(SUPPLIED DATA begins)
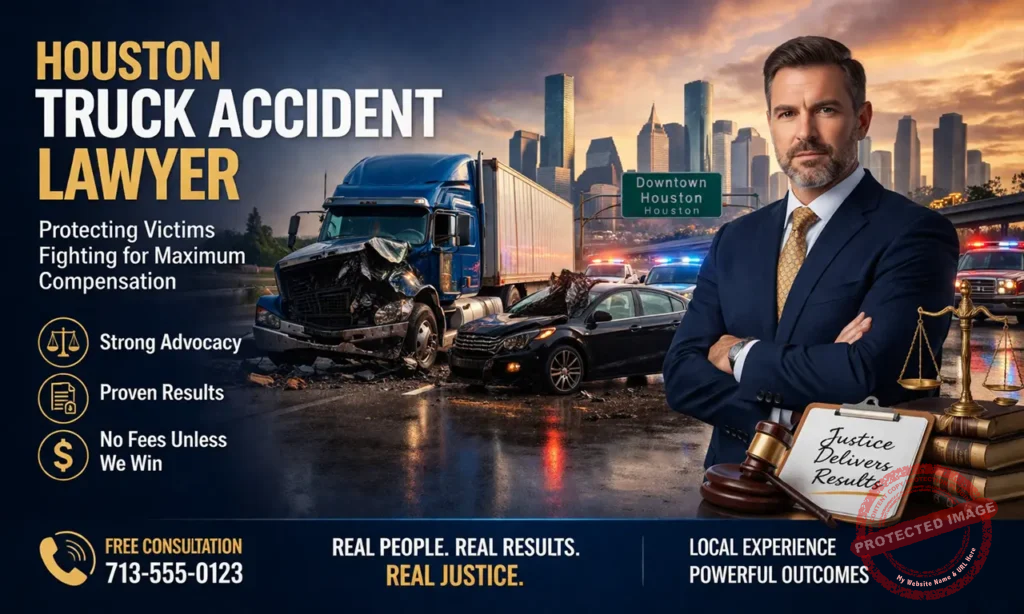 Houston truck accident lawyer helping victims after a serious truck crash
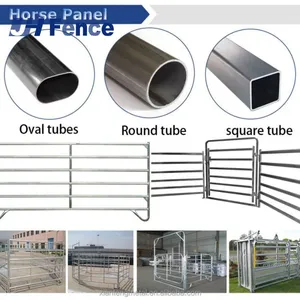 Portable Galvanized Steel Livestock Cattle Panels Durable Quality Farm Fence for Horses Easy-to-Assemble Corral Panel for Horse thumbnail-5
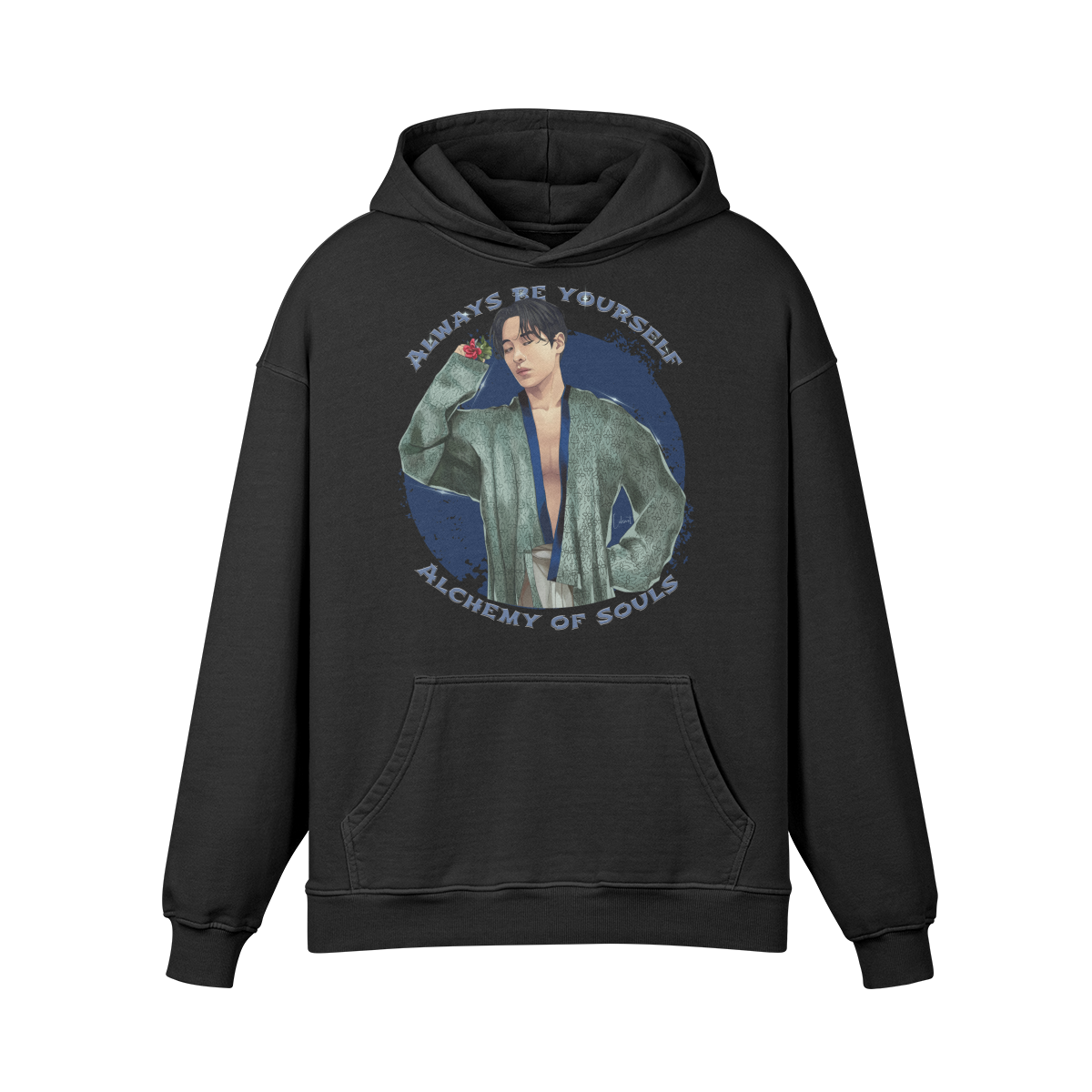 Premium Hoodie washed out look " Handgemahlt von LUKART" Alchemy of Souls - ASIA-Shirts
(SUPPLIED DATA ends)
--- WORK ORDER ---
Your copy of the data should match it exactly, apart from the images, which are omitted.

--- OUTPUT OF THE TASK ---
 Houston truck accident lawyer helping victims after a serious truck crash
 Portable Galvanized Steel Livestock Cattle Panels Durable Quality Farm Fence for Horses Easy-to-Assemble Corral Panel for Horse thumbnail-5
 Premium Hoodie washed out look " Handgemahlt von LUKART" Alchemy of Souls - ASIA-Shirts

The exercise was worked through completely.